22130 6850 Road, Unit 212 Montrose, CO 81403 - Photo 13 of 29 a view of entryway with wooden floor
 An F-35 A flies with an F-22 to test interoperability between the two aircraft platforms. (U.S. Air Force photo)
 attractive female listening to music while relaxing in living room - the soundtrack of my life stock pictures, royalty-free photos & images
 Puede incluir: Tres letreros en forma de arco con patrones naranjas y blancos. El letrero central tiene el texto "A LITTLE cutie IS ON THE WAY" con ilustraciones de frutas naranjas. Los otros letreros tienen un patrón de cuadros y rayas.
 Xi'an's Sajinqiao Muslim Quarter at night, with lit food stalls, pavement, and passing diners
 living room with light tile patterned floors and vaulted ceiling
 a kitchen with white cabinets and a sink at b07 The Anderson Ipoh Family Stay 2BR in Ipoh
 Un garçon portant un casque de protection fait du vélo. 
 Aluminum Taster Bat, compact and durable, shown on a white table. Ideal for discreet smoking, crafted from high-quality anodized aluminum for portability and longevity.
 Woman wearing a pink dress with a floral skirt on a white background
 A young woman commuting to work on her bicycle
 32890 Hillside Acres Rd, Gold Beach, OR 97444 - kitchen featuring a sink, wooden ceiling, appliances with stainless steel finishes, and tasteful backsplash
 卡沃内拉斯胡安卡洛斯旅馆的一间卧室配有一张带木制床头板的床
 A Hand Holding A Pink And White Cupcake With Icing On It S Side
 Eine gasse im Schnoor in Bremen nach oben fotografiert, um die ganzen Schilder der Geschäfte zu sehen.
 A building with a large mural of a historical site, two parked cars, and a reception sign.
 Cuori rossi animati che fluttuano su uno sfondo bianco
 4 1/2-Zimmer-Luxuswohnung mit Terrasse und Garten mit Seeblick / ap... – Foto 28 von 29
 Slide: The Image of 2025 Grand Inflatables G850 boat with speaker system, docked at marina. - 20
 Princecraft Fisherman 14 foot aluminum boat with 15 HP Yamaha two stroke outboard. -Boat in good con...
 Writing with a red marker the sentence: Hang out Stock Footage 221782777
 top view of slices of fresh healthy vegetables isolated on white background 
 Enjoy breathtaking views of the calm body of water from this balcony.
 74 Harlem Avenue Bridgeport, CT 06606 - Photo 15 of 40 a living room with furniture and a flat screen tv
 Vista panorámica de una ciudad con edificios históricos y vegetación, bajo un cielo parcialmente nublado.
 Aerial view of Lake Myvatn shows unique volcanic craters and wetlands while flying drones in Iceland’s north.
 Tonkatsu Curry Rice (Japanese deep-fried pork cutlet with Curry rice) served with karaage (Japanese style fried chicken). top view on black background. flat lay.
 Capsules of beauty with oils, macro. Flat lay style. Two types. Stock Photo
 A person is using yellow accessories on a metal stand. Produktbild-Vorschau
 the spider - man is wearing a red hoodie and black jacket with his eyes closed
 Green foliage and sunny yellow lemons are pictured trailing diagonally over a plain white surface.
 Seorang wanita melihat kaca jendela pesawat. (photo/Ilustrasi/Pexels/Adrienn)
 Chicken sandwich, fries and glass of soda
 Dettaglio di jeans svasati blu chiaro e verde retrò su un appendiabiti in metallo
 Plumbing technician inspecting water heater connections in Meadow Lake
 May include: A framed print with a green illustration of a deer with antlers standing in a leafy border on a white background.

• Directions
In the data above, find the line with "A person is" and the line with "Chicken sandwich, fries and glass of soda". Retype both, plus every line between them, exactly.

• Output of the exercise
 A person is using yellow accessories on a metal stand. Produktbild-Vorschau
 the spider - man is wearing a red hoodie and black jacket with his eyes closed
 Green foliage and sunny yellow lemons are pictured trailing diagonally over a plain white surface.
 Seorang wanita melihat kaca jendela pesawat. (photo/Ilustrasi/Pexels/Adrienn)
 Chicken sandwich, fries and glass of soda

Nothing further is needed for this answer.